### EXERCISE DETAILS
Return exactly and only these lines: the first of the listing through the one containing "Slika 11 - Milana".

'''

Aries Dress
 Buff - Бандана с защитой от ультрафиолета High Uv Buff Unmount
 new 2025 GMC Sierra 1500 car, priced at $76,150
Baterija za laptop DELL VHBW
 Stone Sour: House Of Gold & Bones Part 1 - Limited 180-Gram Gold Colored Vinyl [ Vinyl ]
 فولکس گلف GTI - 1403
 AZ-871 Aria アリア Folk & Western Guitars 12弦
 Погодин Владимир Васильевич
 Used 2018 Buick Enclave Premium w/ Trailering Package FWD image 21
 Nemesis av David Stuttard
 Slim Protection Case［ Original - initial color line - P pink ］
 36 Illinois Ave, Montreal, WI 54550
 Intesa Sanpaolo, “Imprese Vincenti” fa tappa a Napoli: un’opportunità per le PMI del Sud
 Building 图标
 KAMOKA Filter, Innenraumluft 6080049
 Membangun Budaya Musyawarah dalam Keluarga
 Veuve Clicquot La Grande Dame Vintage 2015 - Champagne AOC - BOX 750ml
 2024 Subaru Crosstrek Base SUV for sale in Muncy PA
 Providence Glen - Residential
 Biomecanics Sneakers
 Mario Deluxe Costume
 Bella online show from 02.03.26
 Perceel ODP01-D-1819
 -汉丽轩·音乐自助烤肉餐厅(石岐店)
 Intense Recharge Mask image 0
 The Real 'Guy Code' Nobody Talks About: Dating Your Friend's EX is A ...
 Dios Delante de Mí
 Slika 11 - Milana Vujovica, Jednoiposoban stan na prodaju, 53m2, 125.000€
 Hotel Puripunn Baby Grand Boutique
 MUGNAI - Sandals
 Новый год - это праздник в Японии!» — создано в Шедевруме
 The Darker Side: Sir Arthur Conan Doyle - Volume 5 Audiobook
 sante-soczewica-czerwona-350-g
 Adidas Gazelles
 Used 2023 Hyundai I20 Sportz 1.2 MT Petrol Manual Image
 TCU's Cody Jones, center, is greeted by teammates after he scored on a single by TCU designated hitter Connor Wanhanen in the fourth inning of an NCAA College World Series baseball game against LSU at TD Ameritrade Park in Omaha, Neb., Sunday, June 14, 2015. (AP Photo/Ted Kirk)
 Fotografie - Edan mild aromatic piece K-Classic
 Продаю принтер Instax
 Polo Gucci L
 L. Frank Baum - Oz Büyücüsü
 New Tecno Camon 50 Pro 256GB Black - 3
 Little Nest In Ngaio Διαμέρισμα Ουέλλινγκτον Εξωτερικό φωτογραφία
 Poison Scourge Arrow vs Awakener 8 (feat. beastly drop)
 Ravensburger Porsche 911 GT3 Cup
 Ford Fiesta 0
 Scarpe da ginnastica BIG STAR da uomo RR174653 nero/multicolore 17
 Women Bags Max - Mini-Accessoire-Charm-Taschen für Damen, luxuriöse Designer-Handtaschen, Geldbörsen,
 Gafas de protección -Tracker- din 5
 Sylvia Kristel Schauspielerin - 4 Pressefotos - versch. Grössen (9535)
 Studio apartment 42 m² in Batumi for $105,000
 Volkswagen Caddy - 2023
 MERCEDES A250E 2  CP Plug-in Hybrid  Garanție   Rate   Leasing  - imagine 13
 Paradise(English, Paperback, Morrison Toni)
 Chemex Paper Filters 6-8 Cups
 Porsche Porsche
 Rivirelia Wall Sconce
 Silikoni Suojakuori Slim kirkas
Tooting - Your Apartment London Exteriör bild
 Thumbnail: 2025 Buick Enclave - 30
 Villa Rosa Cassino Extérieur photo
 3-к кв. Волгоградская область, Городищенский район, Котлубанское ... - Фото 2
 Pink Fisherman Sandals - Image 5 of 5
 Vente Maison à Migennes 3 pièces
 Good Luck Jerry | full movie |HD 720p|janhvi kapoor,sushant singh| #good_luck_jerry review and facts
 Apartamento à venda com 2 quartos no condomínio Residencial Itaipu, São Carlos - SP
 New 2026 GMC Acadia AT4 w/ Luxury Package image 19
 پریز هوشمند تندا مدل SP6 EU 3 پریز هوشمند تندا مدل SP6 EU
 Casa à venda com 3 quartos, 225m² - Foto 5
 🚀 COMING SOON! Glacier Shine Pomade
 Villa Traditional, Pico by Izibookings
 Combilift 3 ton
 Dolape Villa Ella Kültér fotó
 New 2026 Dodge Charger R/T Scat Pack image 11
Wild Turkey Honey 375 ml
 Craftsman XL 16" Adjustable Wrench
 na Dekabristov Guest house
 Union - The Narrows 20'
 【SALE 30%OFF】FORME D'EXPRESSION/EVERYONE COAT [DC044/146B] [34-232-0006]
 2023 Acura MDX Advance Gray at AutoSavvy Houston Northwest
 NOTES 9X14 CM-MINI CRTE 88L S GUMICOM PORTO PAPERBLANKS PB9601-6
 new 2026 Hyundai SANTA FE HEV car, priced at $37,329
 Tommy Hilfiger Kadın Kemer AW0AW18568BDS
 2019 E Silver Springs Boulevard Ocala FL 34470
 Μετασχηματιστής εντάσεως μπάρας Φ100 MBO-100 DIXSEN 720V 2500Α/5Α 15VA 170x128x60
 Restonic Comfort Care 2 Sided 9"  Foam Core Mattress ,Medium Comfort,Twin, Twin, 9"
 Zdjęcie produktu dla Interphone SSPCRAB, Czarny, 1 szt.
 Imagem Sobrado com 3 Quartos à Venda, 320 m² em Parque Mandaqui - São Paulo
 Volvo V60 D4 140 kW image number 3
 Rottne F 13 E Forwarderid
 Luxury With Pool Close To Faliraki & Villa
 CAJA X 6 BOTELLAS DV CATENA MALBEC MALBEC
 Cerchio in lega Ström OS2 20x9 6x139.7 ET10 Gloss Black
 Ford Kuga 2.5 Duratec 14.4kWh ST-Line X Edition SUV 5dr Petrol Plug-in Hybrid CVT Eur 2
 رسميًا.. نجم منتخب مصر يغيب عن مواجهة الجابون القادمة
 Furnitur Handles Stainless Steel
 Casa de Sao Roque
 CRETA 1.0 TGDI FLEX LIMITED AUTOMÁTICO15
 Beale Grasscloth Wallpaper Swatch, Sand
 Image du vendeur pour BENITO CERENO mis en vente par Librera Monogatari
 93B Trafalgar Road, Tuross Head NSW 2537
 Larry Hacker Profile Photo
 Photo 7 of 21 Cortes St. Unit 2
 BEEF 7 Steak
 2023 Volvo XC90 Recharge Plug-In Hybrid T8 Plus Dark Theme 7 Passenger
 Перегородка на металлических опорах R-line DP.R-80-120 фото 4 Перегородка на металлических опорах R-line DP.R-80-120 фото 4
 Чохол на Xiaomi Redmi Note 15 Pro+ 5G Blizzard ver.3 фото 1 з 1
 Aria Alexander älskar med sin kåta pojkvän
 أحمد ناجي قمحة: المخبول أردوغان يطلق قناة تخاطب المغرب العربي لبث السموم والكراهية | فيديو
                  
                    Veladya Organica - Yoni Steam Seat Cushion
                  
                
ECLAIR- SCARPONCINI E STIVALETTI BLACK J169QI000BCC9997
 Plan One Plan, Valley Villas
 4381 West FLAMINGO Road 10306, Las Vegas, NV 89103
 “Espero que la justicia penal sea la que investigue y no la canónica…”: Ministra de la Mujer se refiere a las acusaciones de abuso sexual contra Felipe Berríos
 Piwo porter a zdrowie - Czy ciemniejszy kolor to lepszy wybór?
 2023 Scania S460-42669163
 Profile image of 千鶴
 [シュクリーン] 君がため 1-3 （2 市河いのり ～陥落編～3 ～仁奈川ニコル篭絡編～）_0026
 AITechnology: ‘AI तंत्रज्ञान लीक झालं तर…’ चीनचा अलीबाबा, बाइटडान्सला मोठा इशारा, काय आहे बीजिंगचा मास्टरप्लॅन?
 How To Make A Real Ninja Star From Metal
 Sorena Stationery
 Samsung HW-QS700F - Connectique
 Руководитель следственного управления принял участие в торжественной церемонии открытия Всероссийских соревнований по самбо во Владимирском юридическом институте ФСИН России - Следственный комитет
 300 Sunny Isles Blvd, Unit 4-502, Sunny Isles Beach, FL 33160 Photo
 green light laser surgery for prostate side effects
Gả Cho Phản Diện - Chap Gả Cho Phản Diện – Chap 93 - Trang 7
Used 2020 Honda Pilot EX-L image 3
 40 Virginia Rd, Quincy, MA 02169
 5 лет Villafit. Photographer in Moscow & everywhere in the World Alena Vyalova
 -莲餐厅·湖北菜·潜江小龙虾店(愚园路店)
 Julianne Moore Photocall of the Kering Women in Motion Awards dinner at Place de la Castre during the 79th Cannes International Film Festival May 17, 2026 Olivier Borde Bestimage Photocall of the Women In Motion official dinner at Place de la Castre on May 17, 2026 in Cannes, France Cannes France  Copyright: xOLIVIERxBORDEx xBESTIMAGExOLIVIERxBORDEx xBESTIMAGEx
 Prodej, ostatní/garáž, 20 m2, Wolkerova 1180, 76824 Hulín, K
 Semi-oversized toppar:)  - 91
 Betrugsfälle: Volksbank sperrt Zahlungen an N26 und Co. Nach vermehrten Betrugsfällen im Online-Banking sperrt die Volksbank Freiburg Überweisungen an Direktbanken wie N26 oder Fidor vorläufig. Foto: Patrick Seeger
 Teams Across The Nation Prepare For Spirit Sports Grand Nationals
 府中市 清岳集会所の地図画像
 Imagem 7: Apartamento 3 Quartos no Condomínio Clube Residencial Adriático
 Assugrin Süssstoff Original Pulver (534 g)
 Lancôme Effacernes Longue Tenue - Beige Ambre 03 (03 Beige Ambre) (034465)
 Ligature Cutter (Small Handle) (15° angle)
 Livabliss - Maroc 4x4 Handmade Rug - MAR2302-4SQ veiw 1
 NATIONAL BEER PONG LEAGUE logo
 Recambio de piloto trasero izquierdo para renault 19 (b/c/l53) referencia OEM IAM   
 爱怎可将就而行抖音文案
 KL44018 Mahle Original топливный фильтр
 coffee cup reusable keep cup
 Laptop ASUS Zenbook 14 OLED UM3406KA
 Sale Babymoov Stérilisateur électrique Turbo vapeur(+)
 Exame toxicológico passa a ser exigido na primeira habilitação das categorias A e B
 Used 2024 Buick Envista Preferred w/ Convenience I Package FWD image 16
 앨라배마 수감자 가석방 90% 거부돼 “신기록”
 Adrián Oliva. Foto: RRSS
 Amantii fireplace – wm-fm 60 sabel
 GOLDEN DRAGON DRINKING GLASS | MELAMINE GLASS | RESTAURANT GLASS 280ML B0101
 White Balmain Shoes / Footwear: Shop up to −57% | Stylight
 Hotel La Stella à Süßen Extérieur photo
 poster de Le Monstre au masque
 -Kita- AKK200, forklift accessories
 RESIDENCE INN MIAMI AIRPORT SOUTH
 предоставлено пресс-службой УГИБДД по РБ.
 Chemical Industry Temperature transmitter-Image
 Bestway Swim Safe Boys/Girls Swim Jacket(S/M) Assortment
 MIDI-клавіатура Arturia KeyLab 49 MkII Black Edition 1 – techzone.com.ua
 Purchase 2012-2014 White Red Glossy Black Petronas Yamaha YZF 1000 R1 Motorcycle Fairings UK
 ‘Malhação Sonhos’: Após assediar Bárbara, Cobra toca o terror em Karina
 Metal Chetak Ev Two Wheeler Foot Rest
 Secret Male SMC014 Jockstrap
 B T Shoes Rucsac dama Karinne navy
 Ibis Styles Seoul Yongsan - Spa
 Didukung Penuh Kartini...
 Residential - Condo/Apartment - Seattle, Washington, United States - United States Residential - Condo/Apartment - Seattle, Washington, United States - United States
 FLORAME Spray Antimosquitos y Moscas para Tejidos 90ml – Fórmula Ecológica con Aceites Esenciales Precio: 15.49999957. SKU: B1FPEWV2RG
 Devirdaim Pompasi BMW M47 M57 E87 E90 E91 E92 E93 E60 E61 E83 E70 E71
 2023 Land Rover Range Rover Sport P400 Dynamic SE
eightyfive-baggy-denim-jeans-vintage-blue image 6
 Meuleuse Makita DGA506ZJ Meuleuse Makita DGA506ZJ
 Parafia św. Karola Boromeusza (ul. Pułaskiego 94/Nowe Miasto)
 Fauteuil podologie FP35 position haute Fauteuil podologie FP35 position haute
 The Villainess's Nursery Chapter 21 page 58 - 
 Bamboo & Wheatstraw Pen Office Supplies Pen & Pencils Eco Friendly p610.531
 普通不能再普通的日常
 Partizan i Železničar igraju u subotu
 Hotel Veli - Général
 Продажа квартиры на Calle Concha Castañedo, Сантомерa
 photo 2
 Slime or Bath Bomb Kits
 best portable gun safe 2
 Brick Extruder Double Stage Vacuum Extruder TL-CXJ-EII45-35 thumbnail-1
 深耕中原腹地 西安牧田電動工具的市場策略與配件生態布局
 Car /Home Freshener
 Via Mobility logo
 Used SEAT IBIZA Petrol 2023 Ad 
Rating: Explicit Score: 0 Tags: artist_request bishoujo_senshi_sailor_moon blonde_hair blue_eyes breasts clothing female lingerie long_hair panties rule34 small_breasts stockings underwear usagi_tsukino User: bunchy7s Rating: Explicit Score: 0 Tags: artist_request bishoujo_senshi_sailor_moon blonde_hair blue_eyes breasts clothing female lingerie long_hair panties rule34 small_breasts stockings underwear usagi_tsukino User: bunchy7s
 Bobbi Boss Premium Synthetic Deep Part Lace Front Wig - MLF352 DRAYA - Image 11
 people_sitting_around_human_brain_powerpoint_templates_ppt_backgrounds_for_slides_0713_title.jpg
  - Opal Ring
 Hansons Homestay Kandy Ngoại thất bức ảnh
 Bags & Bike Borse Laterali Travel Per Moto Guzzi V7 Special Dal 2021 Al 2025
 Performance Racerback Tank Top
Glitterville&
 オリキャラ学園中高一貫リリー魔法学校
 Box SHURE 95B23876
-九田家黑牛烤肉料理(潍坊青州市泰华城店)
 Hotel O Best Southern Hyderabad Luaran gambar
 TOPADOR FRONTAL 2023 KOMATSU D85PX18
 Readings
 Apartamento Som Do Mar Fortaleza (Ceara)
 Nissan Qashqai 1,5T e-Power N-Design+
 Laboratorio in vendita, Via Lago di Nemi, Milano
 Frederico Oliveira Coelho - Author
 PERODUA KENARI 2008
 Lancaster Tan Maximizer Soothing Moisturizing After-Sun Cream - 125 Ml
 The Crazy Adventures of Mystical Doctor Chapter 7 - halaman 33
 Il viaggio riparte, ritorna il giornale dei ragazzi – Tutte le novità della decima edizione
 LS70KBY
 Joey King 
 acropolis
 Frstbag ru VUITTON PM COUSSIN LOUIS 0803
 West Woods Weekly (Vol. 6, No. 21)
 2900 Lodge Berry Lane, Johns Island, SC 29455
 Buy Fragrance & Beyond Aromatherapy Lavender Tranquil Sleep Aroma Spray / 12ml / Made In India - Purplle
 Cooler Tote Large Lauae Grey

'''

### EXERCISE RESULT
Aries Dress
 Buff - Бандана с защитой от ультрафиолета High Uv Buff Unmount
 new 2025 GMC Sierra 1500 car, priced at $76,150
Baterija za laptop DELL VHBW
 Stone Sour: House Of Gold & Bones Part 1 - Limited 180-Gram Gold Colored Vinyl [ Vinyl ]
 فولکس گلف GTI - 1403
 AZ-871 Aria アリア Folk & Western Guitars 12弦
 Погодин Владимир Васильевич
 Used 2018 Buick Enclave Premium w/ Trailering Package FWD image 21
 Nemesis av David Stuttard
 Slim Protection Case［ Original - initial color line - P pink ］
 36 Illinois Ave, Montreal, WI 54550
 Intesa Sanpaolo, “Imprese Vincenti” fa tappa a Napoli: un’opportunità per le PMI del Sud
 Building 图标
 KAMOKA Filter, Innenraumluft 6080049
 Membangun Budaya Musyawarah dalam Keluarga
 Veuve Clicquot La Grande Dame Vintage 2015 - Champagne AOC - BOX 750ml
 2024 Subaru Crosstrek Base SUV for sale in Muncy PA
 Providence Glen - Residential
 Biomecanics Sneakers
 Mario Deluxe Costume
 Bella online show from 02.03.26
 Perceel ODP01-D-1819
 -汉丽轩·音乐自助烤肉餐厅(石岐店)
 Intense Recharge Mask image 0
 The Real 'Guy Code' Nobody Talks About: Dating Your Friend's EX is A ...
 Dios Delante de Mí
 Slika 11 - Milana Vujovica, Jednoiposoban stan na prodaju, 53m2, 125.000€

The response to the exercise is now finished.